La colère gronde en Iran. La mort dans des circonstances troublantes de Mahsa Amini, 22 ans, vendredi 16 septembre à Téhéran, provoque une vague d’émeutes dans le pays. Les versions des autorités et de la famille diffèrent, les premières assurant que la jeune femme est morte d’une crise cardiaque lors d’un contrôle de la police des mœurs. Ses proches dénoncent, eux, des violences qui auraient conduit au décès. Franceinfo revient sur cet événement qui embrase le pays alors que trois personnes ont été tuées durant des manifestations au Kurdistan iranien, mardi 20 septembre.

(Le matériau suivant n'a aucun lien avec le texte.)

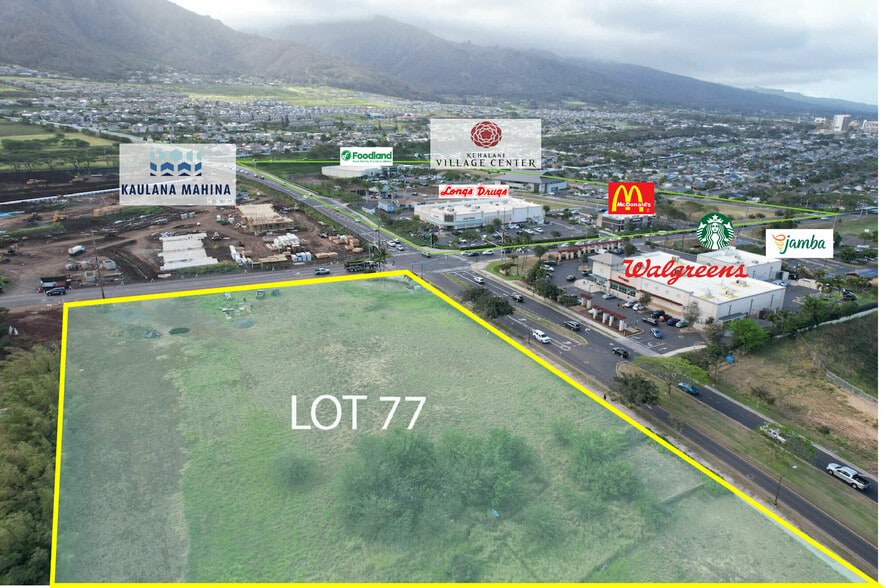 Waiale Rd & Kuikahi Dr, Kahului, HI for sale - Building Photo - Image 1 of 3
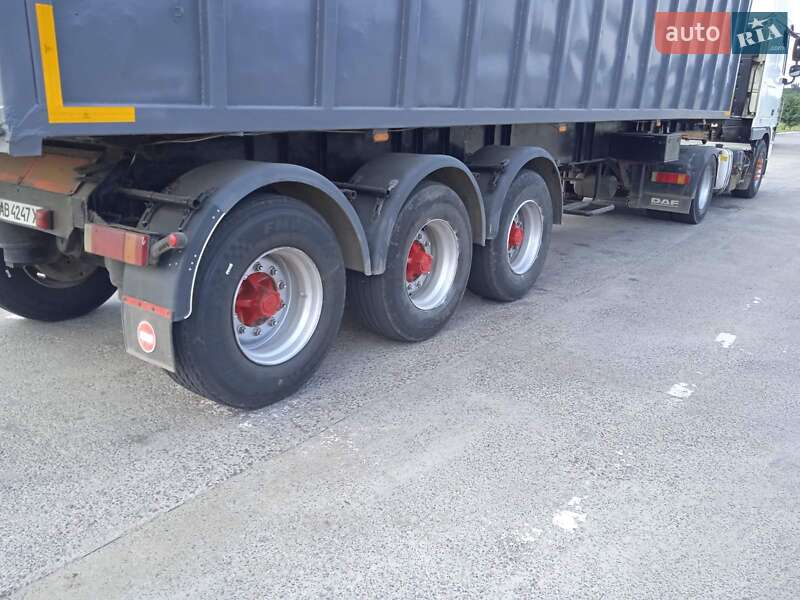 Самосвал полуприцеп Cartwright SCV39A 1992 в Тростянце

Quelle est la version des autorités ?

En visite à Téhéran avec sa famille, Mahsa Amini a été arrêtée mardi 13 septembre par la police des mœurs chargée d’appliquer les règles vestimentaires strictes pour les femmes. Cette arrestation devait servir à dispenser des « instructions », a assuré jeudi la police locale. Mahsa Amini, « ainsi qu’un certain nombre de personnes, ont été conduites vers l’un des quartiers généraux de la police », mais « elle s’est soudainement évanouie alors qu’elle était avec d’autres personnes dans une salle de réunion », a détaillé la police.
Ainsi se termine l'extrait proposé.